Marketing Attribution

We have 4 different display advertising campaigns. We would like to evaluate how effective each advertising campaign is in generating sales

Problem Definition

We have (anonymized) data which contains 10000 users who clicked on at least one of the display ads from 4 different campaigns a, b, c, or d. Purchase is indicated by the "Conversion" variable (i.e., equals 1 if there is purchase and 0 otherwise). The Value column indicates the revenue in dollars earned from each purchase. The cost per click for each campaign:

a: 7
b: 5
c: 4
d: 2

The order of clicks is as indicated in the data. Data example:

user_id	click_1	click_2	click_3	click_4	click_5	Conversion	Value
001	a	b	NaN	d	NaN	0	0
002	c	c	a	b	a	1	100

We would like to build a statistical attribution model to know:

Which campaign is the most successful in terms of unit sales contributed?
What is the return on investment for each campaign?
How would you optimize the spend of a given budget of $1 million across all four campaigns?

Markov Chain

We model the user's click sequence as a Markov Chain, where each state represents a campaign or a conversion state. The Markov Chain captures the transition probabilities between different states, allowing us to analyze the user's journey from initial ad clicks to potential conversion.

(Source: setosa.io)

Building States

We define the following states in our Markov Chain:

Campaign states: a, b, c, d
Null state: Null (representing no click)
Conversion states: 0 (no conversion), 1 (conversion)

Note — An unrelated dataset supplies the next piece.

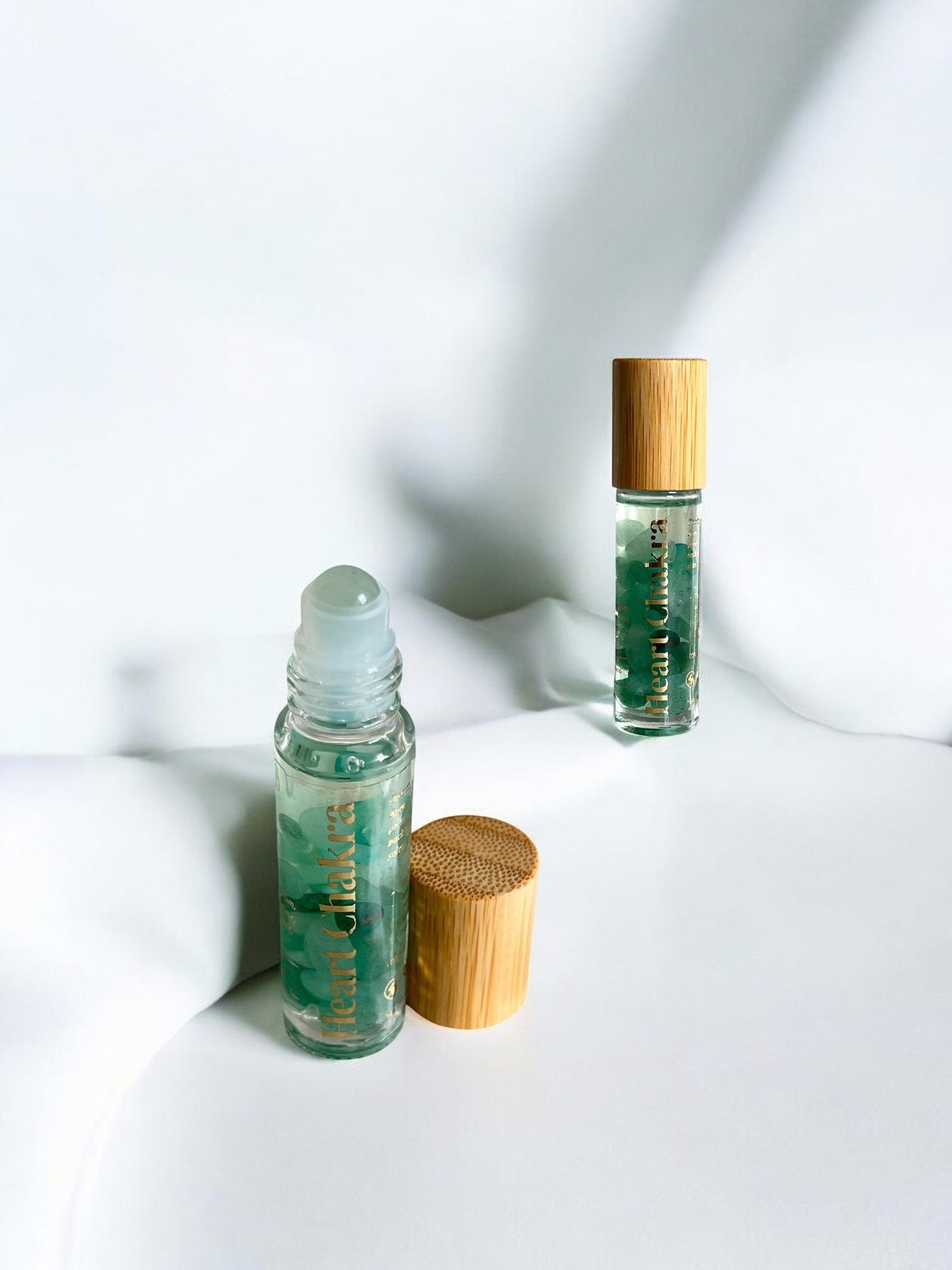 Sheba Scents Heart Chakra Essential Oil Roll-On packaging featuring toxin-free, handmade, crystal-infused aromatherapy blend for holistic wellness.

Based on frequency, we can calculate the transition probabilities (when a state changes from one to another, or when a state remains). An example can be illustrated below:

The training state based on frequency can give us transition matrix

Removal Effects

To determine the contribution of each campaign to the conversions and revenue, we calculate the removal effect of each campaign. The removal effect measures the impact of removing a campaign from the Markov Chain on the overall conversion probability. For each campaign, we remove it from the Markov Chain by setting the transition probabilities from the removed campaign to other states and from other states to the removed campaign to 0. We then calculate the conversion probability without the removed campaign and compare it to the original conversion probability. The difference between the two probabilities gives us the removal effect of that campaign.

Let $P$ be the transition probability matrix of the Markov Chain, and $P_{\text{removed}}^{(i)}$ be the modified transition probability matrix with campaign $i$ removed. The conversion probability with all campaigns is given by: $$P(\text{conversion}) = P(X_t = 1 | X_0 = \text{start})$$ The conversion probability without campaign $i$ is given by: $$P(\text{conversion}{\text{ removed}}^{(i)}) = P(X_t = 1 | X_0 = \text{start}, P{\text{removed}}^{(i)})$$ The removal effect of campaign $i$ is calculated as: $$\text{Removal Effect}(i) = P(\text{conversion}) - P(\text{conversion}_{\text{removed}}^{(i)})$$ where:

$X_t$: the state of the Markov Chain at time step $t$
$X_0$: the initial state of the Markov Chain
$P(X_t = 1 | X_0 = \text{start})$: Probability of reaching the conversion state (state 1) starting from the initial state
$P(X_t = 1 | X_0 = \text{start}, P_{\text{removed}}^{(i)})$: probability of reaching the conversion state starting from the initial state, with campaign $i$ removed from the Markov Chain

The removal effects of each campaign:

a: -0.137 (Removing campaign a would decrease the conversion probability by 13.7%)
b: -0.135 (Removing campaign b would decrease the conversion probability by 13.5%)
c: -0.143 (Removing campaign c would decrease the conversion probability by 14.3%)
d: -0.144 (Removing campaign d would decrease the conversion probability by 14.4%)

Revenue Attribution

Based on removal effects, we attribute the total conversions and revenue to each campaign. The attribution is proportional to the removal effect of each campaign. We calculate the attributed conversions and revenue for each campaign based on their relative contribution to the total removal effect.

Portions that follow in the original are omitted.